**SOURCE MATERIAL:**
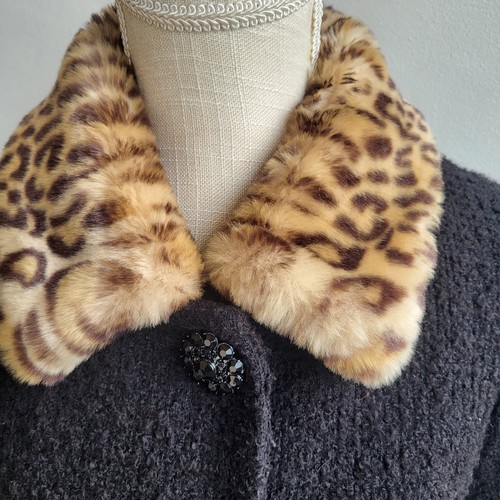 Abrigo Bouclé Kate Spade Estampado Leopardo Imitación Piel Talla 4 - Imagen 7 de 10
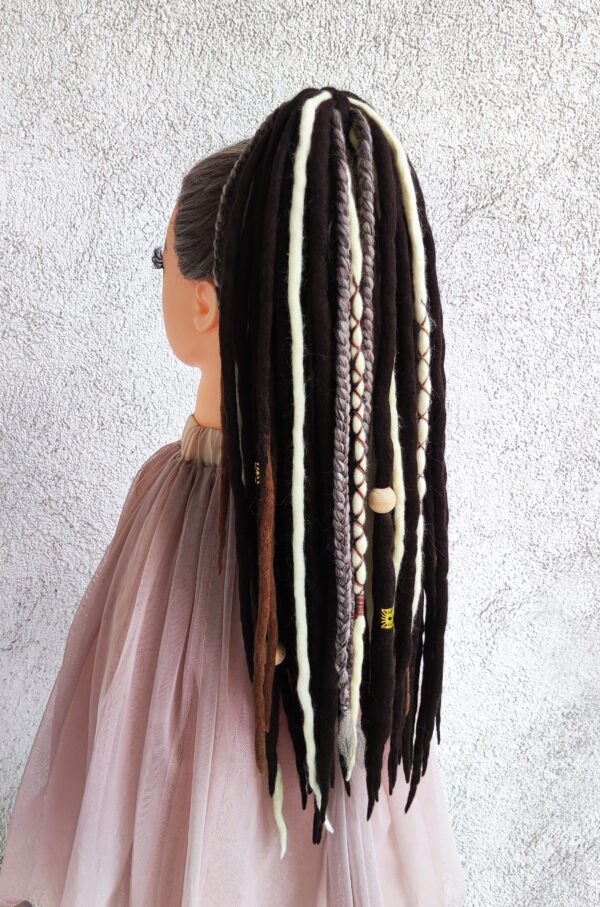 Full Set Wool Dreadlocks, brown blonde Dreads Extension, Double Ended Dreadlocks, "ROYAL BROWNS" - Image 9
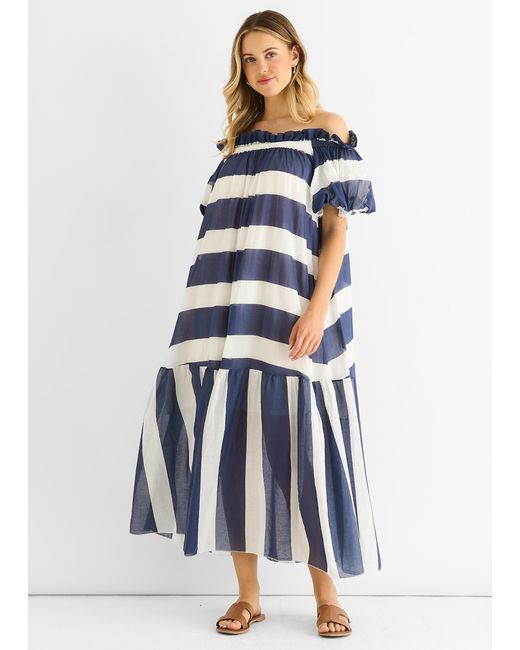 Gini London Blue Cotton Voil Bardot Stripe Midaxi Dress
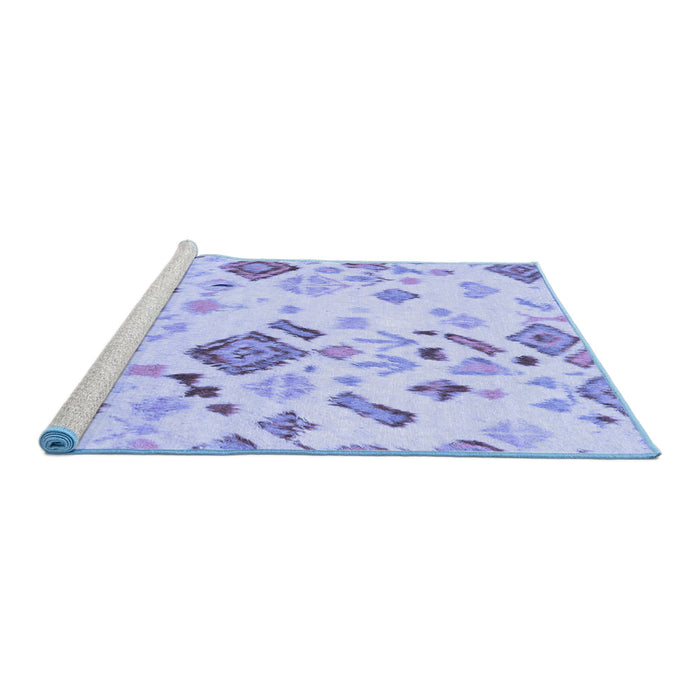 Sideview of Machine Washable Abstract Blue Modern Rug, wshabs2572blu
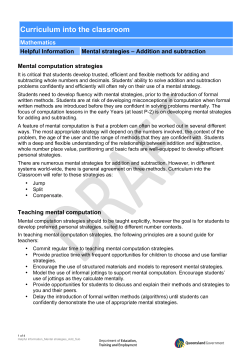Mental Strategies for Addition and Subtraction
...
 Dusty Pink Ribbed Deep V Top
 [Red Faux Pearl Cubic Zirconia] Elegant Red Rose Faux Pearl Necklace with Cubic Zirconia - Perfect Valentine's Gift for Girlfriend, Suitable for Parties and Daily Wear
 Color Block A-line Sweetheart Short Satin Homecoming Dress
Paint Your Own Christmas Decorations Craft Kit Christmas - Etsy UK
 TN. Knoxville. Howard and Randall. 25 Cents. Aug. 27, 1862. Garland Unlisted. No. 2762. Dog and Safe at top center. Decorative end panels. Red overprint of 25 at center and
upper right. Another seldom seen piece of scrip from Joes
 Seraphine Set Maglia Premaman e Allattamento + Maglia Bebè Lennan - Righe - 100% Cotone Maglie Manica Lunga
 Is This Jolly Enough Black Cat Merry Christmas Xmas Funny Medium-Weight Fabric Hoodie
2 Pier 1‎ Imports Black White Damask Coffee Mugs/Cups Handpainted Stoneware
--
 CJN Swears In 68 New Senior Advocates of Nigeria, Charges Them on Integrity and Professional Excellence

**DIRECTIONS FOR THIS TASK:**
Show each line from the listing above that includes the word "Black".

**RESULT:**
 Is This Jolly Enough Black Cat Merry Christmas Xmas Funny Medium-Weight Fabric Hoodie
2 Pier 1‎ Imports Black White Damask Coffee Mugs/Cups Handpainted Stoneware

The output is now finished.